- Episode no.: Season 5 Episode 5
- Directed by: Jack Clough
- Written by: Geoff Bussetil
- Original air date: 24 February 2011

Guest appearances
- Chris Addison as David Blood; Alistair McGowan as Coach Pooter; Dorian Lough as Leon Levan; Emma Stansfield as Pamela;

Episode chronology
| ← Previous "Liv" | Next → "Alo" |

= Nick (Skins series 5) =

"Nick" is the fifth episode of fifth series of the British teen drama Skins, which first aired on 24 February 2011 on E4. It focuses on Nick (Sean Teale) as he deals with the return of his brother, Matty (Sebastian De Souza) into his life.

==Synopsis==

The episode opens with Nick and his rugby team training for a big game coming up. At home, Nick's overbearing father, Leon makes Matty sign a contract, if he hopes to stay, before leaving to take his suicidal friend, Warren, for a game of golf. Tensions soon arise over Matty's relationship with Liv, as Nick is still secretly in love with her. When Liv arrives to have sex with Matty, Nick gets jealous and immediately goes to Mini's house, where they awkwardly have sex.

The next day, Nick and Leon accompany Matty to a meeting with David Blood, the Roundview College headmaster, and manage to get him re-enrolled. Nick is ordered by his father to keep an eye on his older brother. Nick then introduces Matty to the gang, and Matty immediately recognises Franky from their earlier encounter. He wastes no time in settling in with the gang, and a slightly jealous Nick goes to get changed for practice. In the changing room, Ryder unknowingly insults Matty and Liv, prompting Nick to angrily push him up against a wall. He carries his anger onto the field, and violently tackles Ryder, even though he didn't have the ball. Later on, he is given some stress-relieving therapy by Coach Pooter, his wise, South African rugby coach, who, through his massage skills, compares him to "a depressing book about an anxious young man who's worrying about a girl," suggesting that Nick is jealous about his brother's relationship with Liv. Afterwards, Nick goes to a party with the gang. There, they try to think of a good partner for Alo, and Nick suggests Franky. Matty agrees with him in order to get a response out of Franky, prompting Franky and Matty to share a knowing look. Liv then disappears off to the bar, and Nick follows, and tries to talk to Liv, but she coldly refuses to talk about their own relationship. Nick stays and drinks shots. Feeling abandoned, Mini calls Ryder, and Nick returns to find him dancing with her. In his fury, Nick punches Ryder in the face, breaking his nose, and both Liv and Mini angrily confront him, and he storms off. At the nearby rugby pitch, Matty finds Nick trying to practice, and play a one-on-one game of rugby. However, Nick gets frustrated and assaults Matty, claiming that he gets everything handed to him, and has ruined his life.

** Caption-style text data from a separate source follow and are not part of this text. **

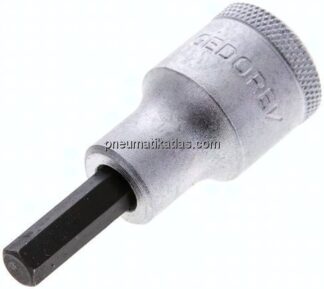 Gedore 1/2"-Schraubendrehereinsatz für Innensechskantschrauben (DIN 7422), Stift brüniert, 60 mm lan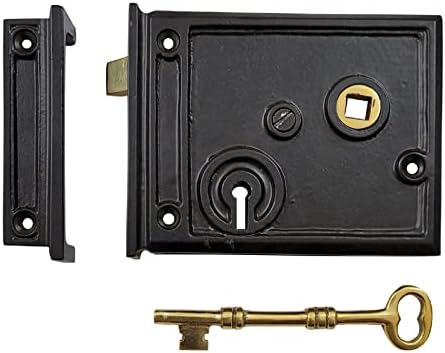 Adonai Hardware 4 Inch Besor Antique Cast Iron Rim Lock - Black Powder Coated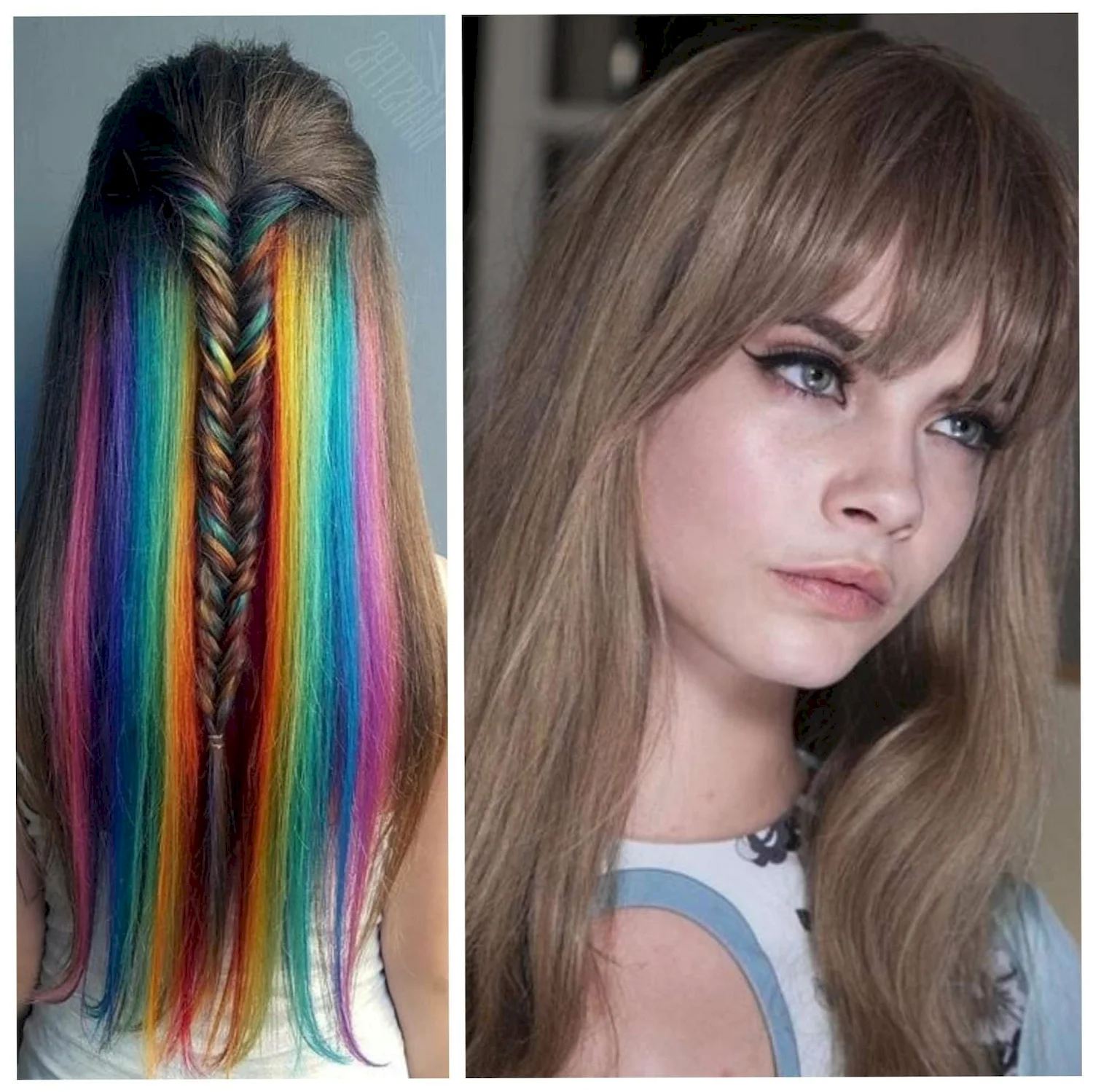 Нарощенные цветные пряди на светлых волосах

Nick returns home to discover his father going to give a statement to the police, because his friend, Warren, has committed suicide. He stubbornly refuses to listen to Nick's problems, and a frustrated Nick vents his fury by taking one of his father's golf clubs and smashing up the kitchen. Matty arrives to discover him doing it, and orders him to leave. The next day, Nick attempts to talk to Liv, but in his efforts, falls off a wheelie bin and injures himself. Liv coldly refuses to speak to him. Wandering off, he meets a woman named Pamela, and introduces himself as "Matty." Feeling sympathetic, she gives him some drugs and then entices him to have sex with her. Later on, he is sitting on a swing near Franky's house, when Franky joins him. Nick sadly tells her everything on his mind, and she sympathetically informs him "you're not a complete dick." Nick proceeds to his rugby changing room to tell Coach Pooter he is quitting. The coach accepts his decision, but is unimpressed to learn he is also planning on running away from home, and firmly informs him that this is not the best course of action, using Nelson Mandela as an example. Nick then returns home, to discover Matty has tried to take the rap for Nick's actions. Nick immediately orders him to stay, and stands up to his father. He tells his father that he is the reason his sons act the way they do. Matty joins in.

The episode ends with Nick and Matty burning all of their motivational books, posters, and Matty's contract, and sharing a beer. Their father looks on from his room.